Greg Van Avermaet will be returning from his broken collarbone sustained at the Tour of Flanders so it’s hard to expect much from him other than getting his form back in time for the summer races. But the he may be saving himself for the later stages, which suit his style.
John Degenkolb this is only his second race back after that terrible accident in January, so we can’t expect him to compete for wins, more to just be here to try and build up the racing kms in his legs before the Tour. Great to see him back though!
Although this is a stage for the sprinters, they will have to tackle the category 1 climb of Honey Springs Road (9.5km, 5.5%). Coming at the halfway point, 88kms, it’s too far out to ensure a break makes it to the finish but it will sap a lot of energy out of the legs of the riders.
Expect a bunch sprint between all the key names with it being hard to look past Sagan, Kristoff and Cavendish (if the climbs haven’t sapped his strength). Stuyven, Bonifazio and Coquard will be eager to challenge them and the Frenchman could be a surprise winner on the opening day.
Stage two brings another flat finish, but after four categorised climbs. Compared with the previous day the climbing is constant throughout the stage and the final categorised climb is 40km from the finish, with a few sharp ramps up still after that.

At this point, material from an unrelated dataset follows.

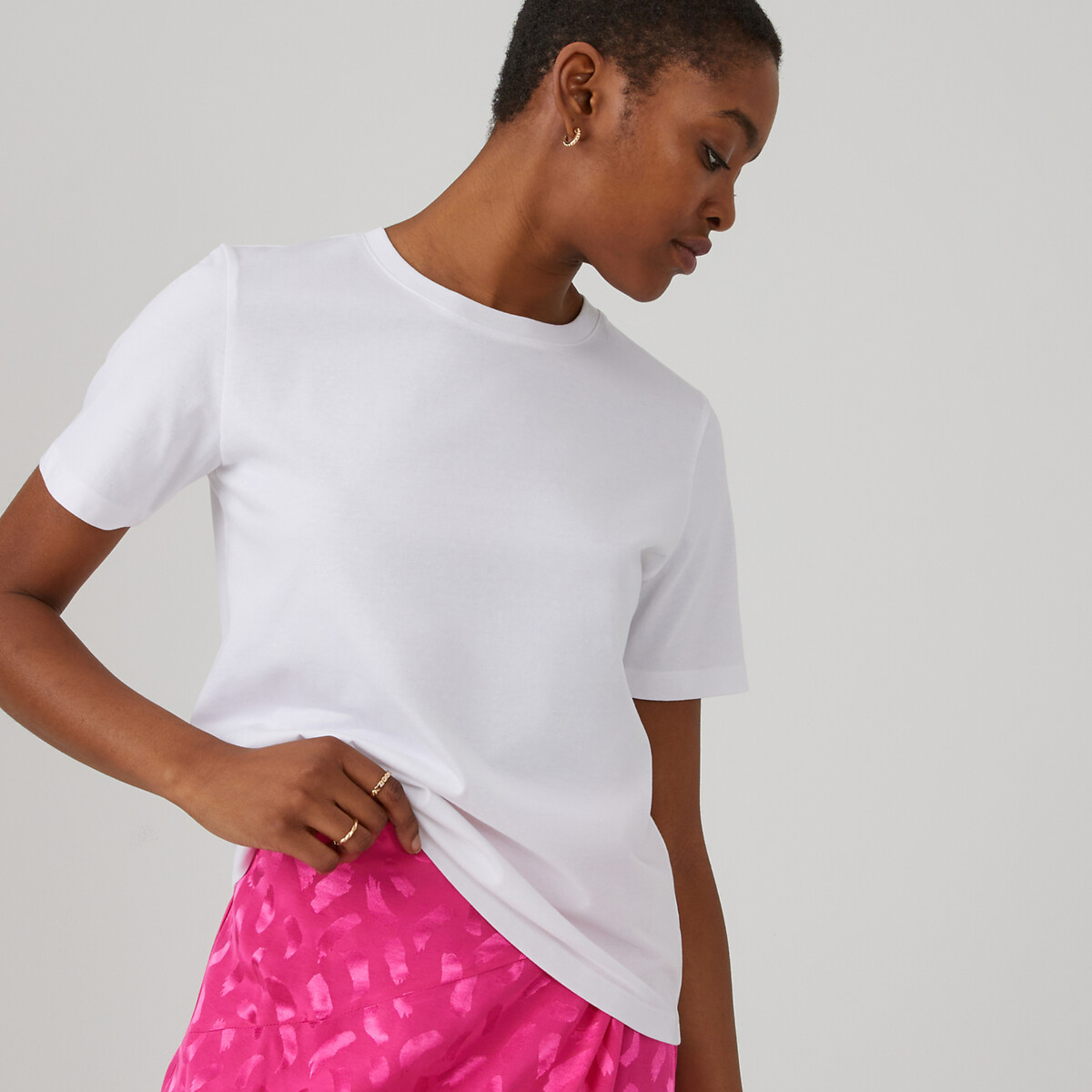 T-shirt col rond, manches courtes blanc, LA REDOUTE COLLECTIONS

The fact that it’s also a short stage means that the pace will be fierce, so we could see riders being spat out the back early on as they ascend the category 1 climb of Angelest Crest Highway (14.1km, 5.1%) and then the category 2 Upper Big Tujunga Canyon Road (7.9km, 4.5%), all in the first 50kms. After some respite on the long descent back down to the plains the riders turn off en route to the finish with around 40km still to go in order for them to tackle the category 2 climbs on Little Tujunga Canyon Road (5km, 6.9% and 2.3km, 7.6%). After these it’s downhill for a lumpy 24.5km to the finish in Santa Clarita.
The amount of climbing will shake off the pure sprinters like Cavendish so we expect this to be between Sagan, Kristoff and possibly Stuyven and Coquard. The profile also makes it look like a possible break away day or late attack, so look out for the likes of Stybar, Haas and Søren Andersen.
It’s only stage 3 and we’re already at the Queen stage of this year’s race, unlike last year when it was on stage 7. Those not strong in the stage 6 time trial will need to force gaps here as well as the domestic team’s key climbers wanting to steal the glory on top of Gibraltar Road.
Raced along the coast for the majority (so there is great potential for peloton-splitting crosswinds), there are two early climbs, both category 3, up Potero Road (1.4km, 6.9%) and Westlake Boulevard (3.2km, 7.8%), so those riders targeting the KOM jersey will be off from the gun and will likely stay away until after the category 3 climb up Casitas Pass Road (3km, 5.7%) at 121km mark. After that the focus will be on Gibraltar Road (12km, 8%)
It’s the only summit finish of the race, so expect the likes of Morton, Britton, Hart and Jaramillo to be fighting it out with Craddock, Sánchez and Alaphilippe.
The first of two 200km+ days for the riders and also the penultimate chance for the non-TT GC contenders to gain time before stage 6, but this looks like one for the puncheurs rather than climbers.
The riders will roll along the scenic but undulating Highway One for most of the stage, so crosswinds again could be a factor. There are three category 3 climbs: 72km (2.8km, 4.3%), 77km (3km, 4.7%) and 142km (2.2km, 5.4%). After this any remaining break away will start to get reeled in and the race should all be back together after the intermediate sprint at 190km. They turn inland just before the city of Monterey as they head to climb the category 2 climb of Laureles Grade (5.5km, 5.7%) 8km from the finish and then, after a short descent, the category 3 Mazda Raceway climb (1.1km, 10.3%). From there its a 2.5km flat dash to the finish.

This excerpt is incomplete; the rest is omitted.